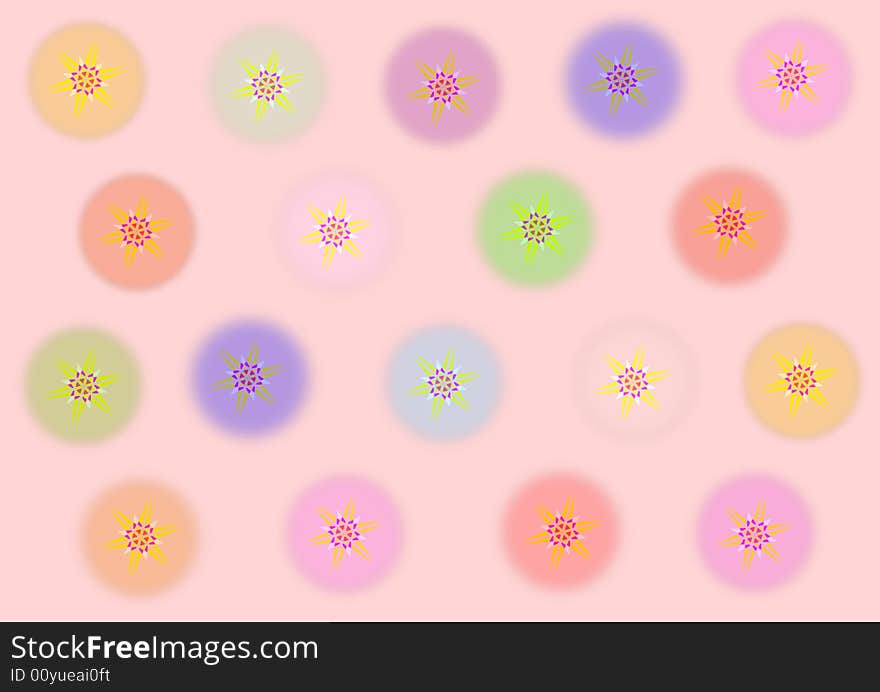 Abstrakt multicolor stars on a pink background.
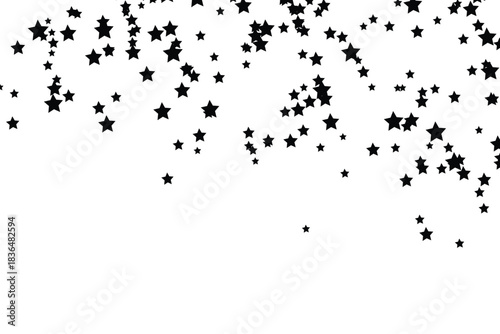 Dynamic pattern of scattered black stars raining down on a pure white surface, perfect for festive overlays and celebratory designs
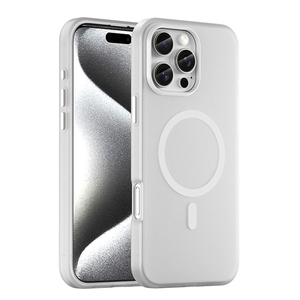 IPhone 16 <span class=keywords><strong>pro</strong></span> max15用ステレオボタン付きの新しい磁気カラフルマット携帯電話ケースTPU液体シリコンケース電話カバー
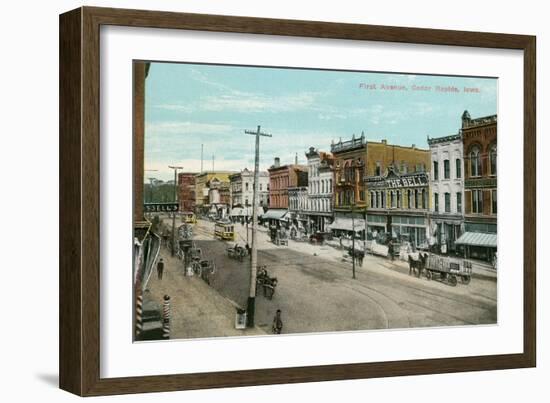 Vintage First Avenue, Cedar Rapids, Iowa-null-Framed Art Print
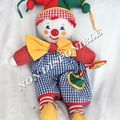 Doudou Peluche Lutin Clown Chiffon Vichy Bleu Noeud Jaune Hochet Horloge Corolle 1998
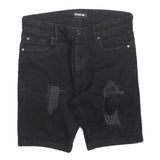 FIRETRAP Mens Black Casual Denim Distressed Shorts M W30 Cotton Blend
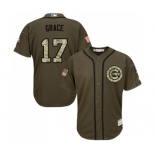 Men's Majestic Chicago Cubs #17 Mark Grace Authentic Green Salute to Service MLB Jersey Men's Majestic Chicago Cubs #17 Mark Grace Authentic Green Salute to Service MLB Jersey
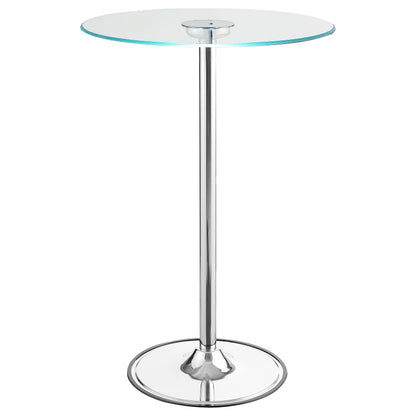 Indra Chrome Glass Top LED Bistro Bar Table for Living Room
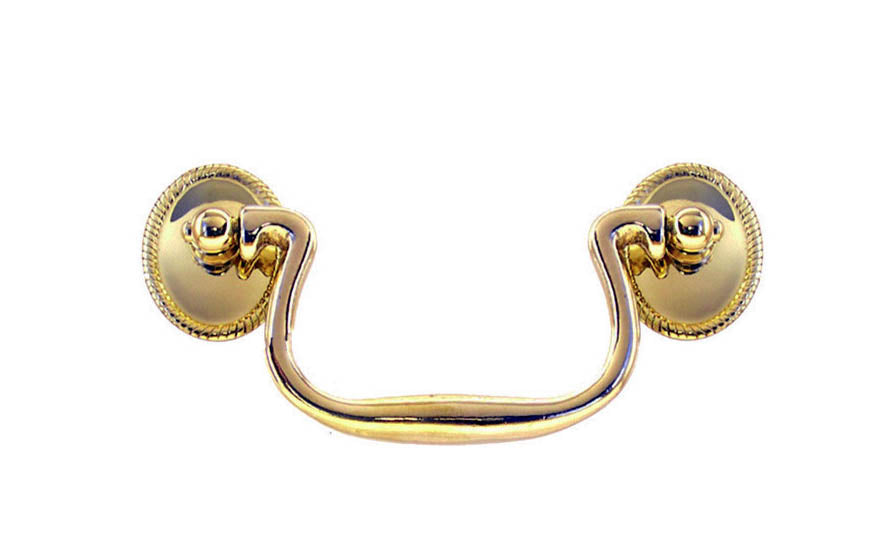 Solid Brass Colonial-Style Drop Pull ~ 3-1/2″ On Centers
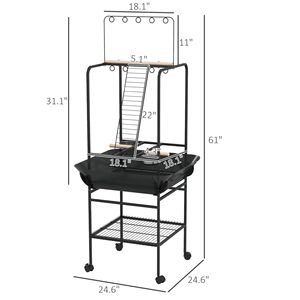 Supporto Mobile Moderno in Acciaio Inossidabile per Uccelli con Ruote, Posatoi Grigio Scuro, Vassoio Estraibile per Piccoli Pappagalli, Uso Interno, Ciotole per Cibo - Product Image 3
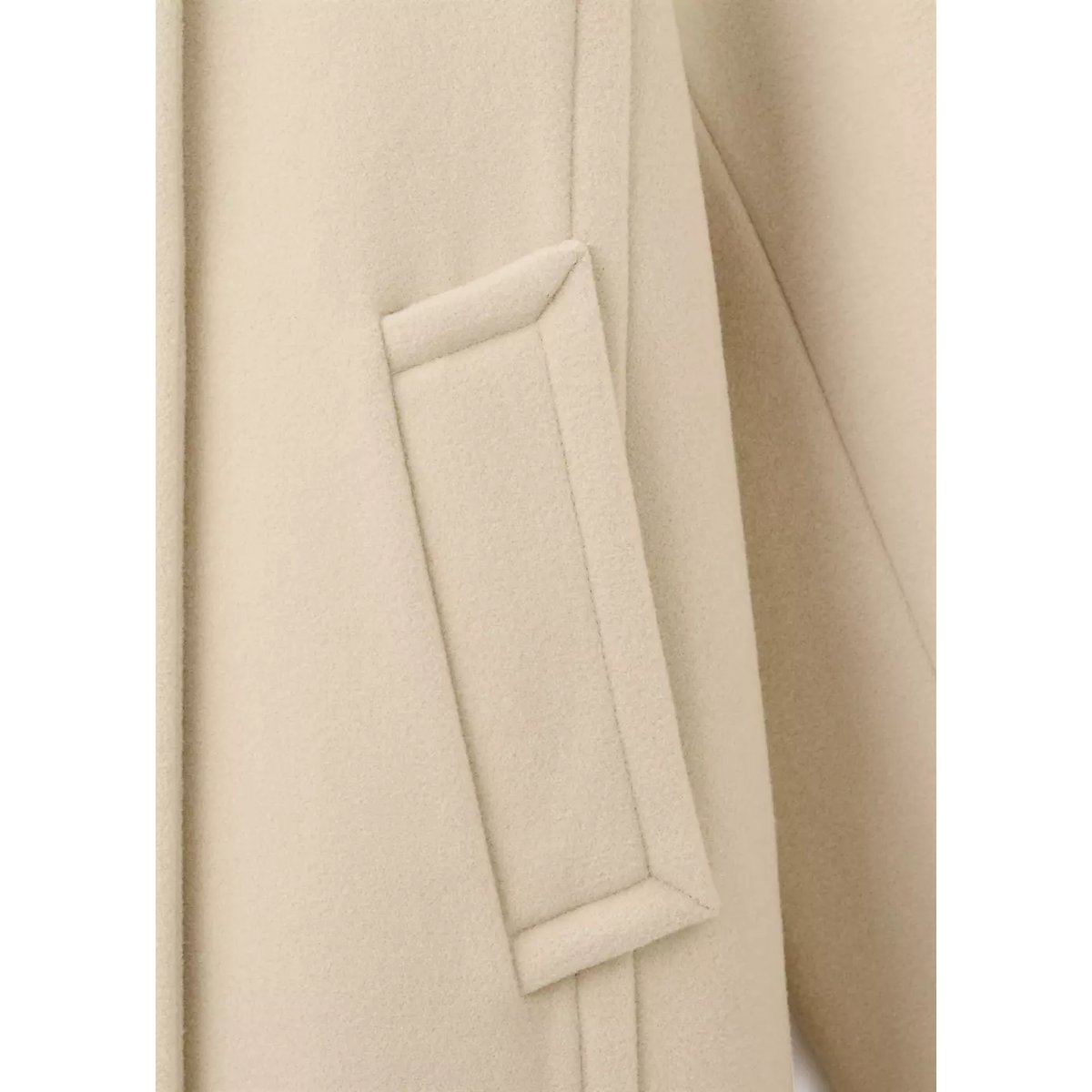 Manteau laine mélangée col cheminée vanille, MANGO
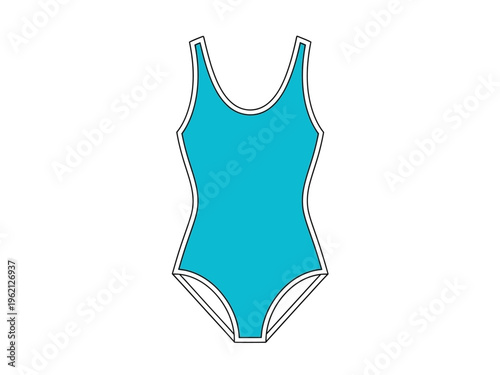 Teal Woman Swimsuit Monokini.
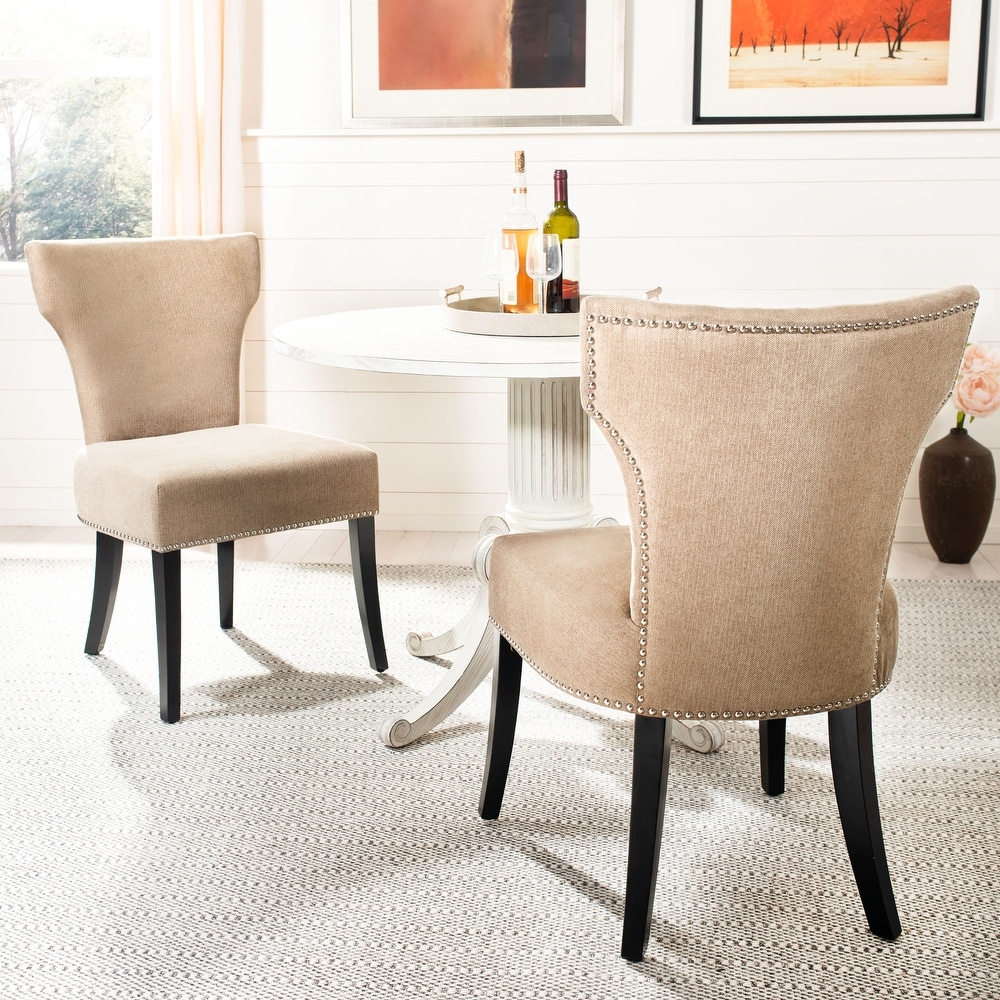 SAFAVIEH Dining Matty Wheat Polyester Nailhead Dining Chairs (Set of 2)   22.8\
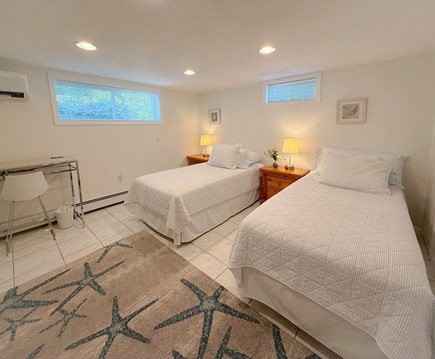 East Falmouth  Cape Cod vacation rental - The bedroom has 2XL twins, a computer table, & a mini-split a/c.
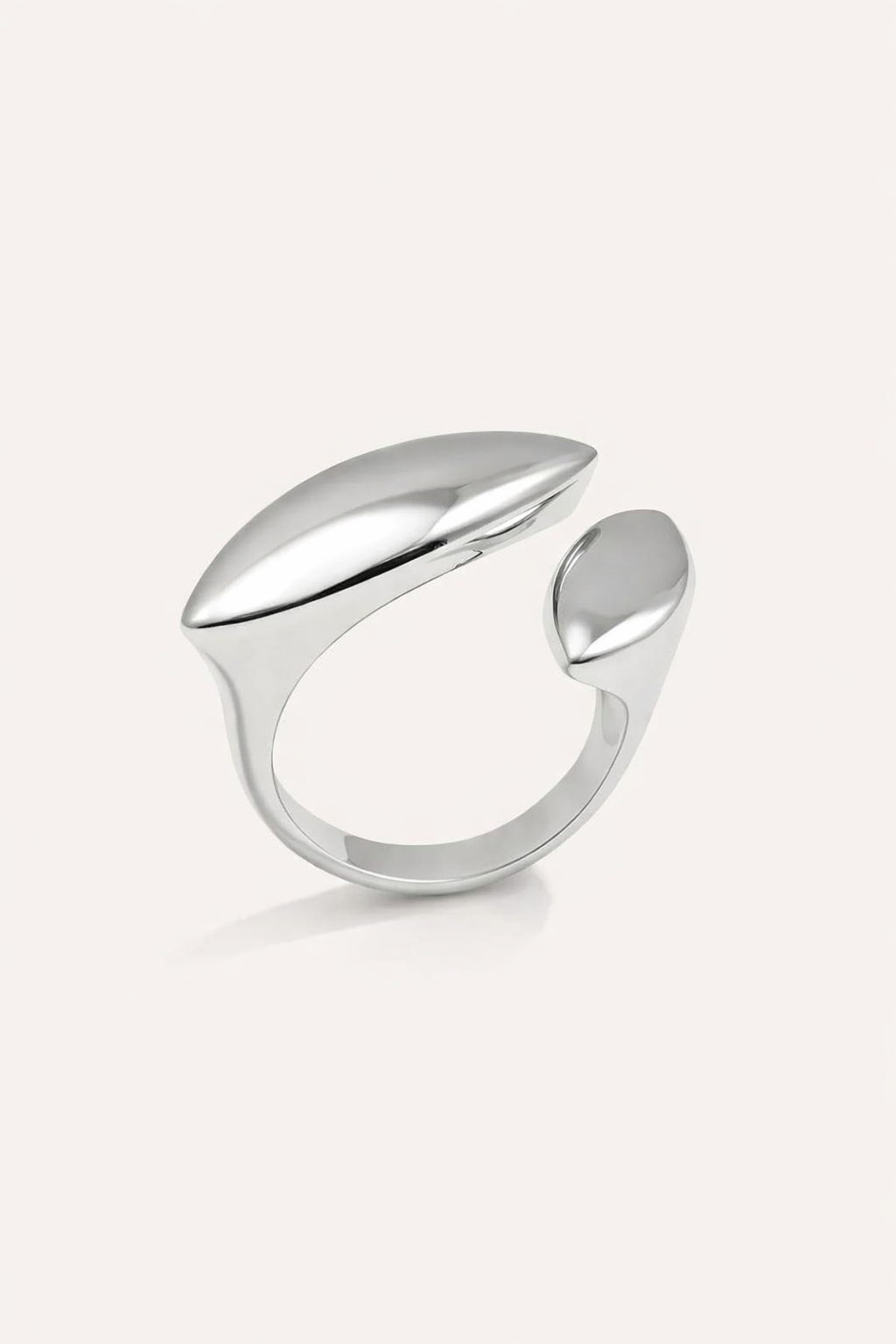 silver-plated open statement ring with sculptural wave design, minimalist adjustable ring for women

++++++++

Task instructions:
Leave out all pictures and extract exactly the lines from the line with "FIRETRAP Mens Black" through the end of the material.

Answer for the task:
 FIRETRAP Mens Black Casual Denim Distressed Shorts M W30 Cotton Blend
 Men's Majestic Chicago Cubs #17 Mark Grace Authentic Green Salute to Service MLB Jersey Men's Majestic Chicago Cubs #17 Mark Grace Authentic Green Salute to Service MLB Jersey
 Indra Chrome Glass Top LED Bistro Bar Table for Living Room
 Solid Brass Colonial-Style Drop Pull ~ 3-1/2″ On Centers
 Supporto Mobile Moderno in Acciaio Inossidabile per Uccelli con Ruote, Posatoi Grigio Scuro, Vassoio Estraibile per Piccoli Pappagalli, Uso Interno, Ciotole per Cibo - Product Image 3
 Manteau laine mélangée col cheminée vanille, MANGO
 Teal Woman Swimsuit Monokini.
 SAFAVIEH Dining Matty Wheat Polyester Nailhead Dining Chairs (Set of 2)   22.8\
 East Falmouth  Cape Cod vacation rental - The bedroom has 2XL twins, a computer table, & a mini-split a/c.
 silver-plated open statement ring with sculptural wave design, minimalist adjustable ring for women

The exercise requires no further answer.